# Fish ident help



## OtterPop (Oct 24, 2006)

cant find my book unfortunately , was at some piers in saint pete beach . pulling up croakers and pretending we had croaker nextel phones . 

Well we kept pulling up a light white/silver colored fish . had a medium build to it and they were alla bout 7" with orange spots all over them with small blue rings over the orange spots.


----------



## eaglesfanguy (May 1, 2003)

Speckeled trout?
http://indian-river.fl.us/fishing/fish/drumspot.html


----------



## SnookMook (Jan 7, 2004)

What kind of mouth and teeth did this fish have?
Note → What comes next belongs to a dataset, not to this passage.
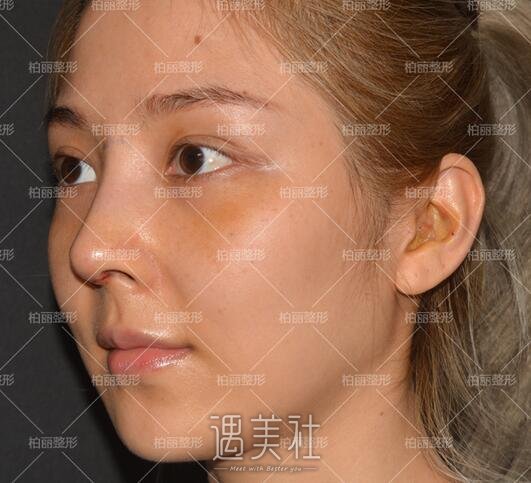 李劲良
Give us a little more to go on.


----------



## clinder (Mar 2, 2005)

pinfish>


----------



## emanuel (Apr 2, 2002)

I'm going with maybe pigfish.


----------



## clinder (Mar 2, 2005)

eaglesfanguy said:


> Speckeled trout?
> http://indian-river.fl.us/fishing/fish/drumspot.html


----------



## OtterPop (Oct 24, 2006)

Had the body of a pinfish with mouth etc but no stripes was a solid light silver color , orange spots through out its entire body . and the spots werent faded , almost like eraser sized spots . 
Ive been searching online ( was caught in st pete ) and have not been able to ident it.. Ugh some trips you wish you would of taken a camera with you.


----------



## clinder (Mar 2, 2005)

maybe a grunt then.


----------



## KodiakZach (Mar 16, 2005)

Did it look like this by chance?


----------



## OtterPop (Oct 24, 2006)

KodiakZach said:


> Did it look like this by chance?


oddly enough it did , had something on its tail section that was g. loooooo something i dunno. fish had a roll of cash in its mouth too.


----------



## fishinmama (Oct 14, 2006)

maybe a juvenile snapper of some sort -- just guessing, but many have orange & blue coloration
patterns


----------



## Jigmaster (Apr 3, 2006)

*Blue/Orange Spotted Croaker Nextell*



OtterPop said:


> cant find my book unfortunately , was at some piers in saint pete beach . pulling up croakers and pretending we had croaker nextel phones .
> 
> Well we kept pulling up a light white/silver colored fish . had a medium build to it and they were alla bout 7" with orange spots all over them with small blue rings over the orange spots.


Sounds like an Acid Fish to me!!!


----------



## KodiakZach (Mar 16, 2005)

OtterPop said:


> oddly enough it did , had something on its tail section that was g. loooooo something i dunno. fish had a roll of cash in its mouth too.


LMAO


----------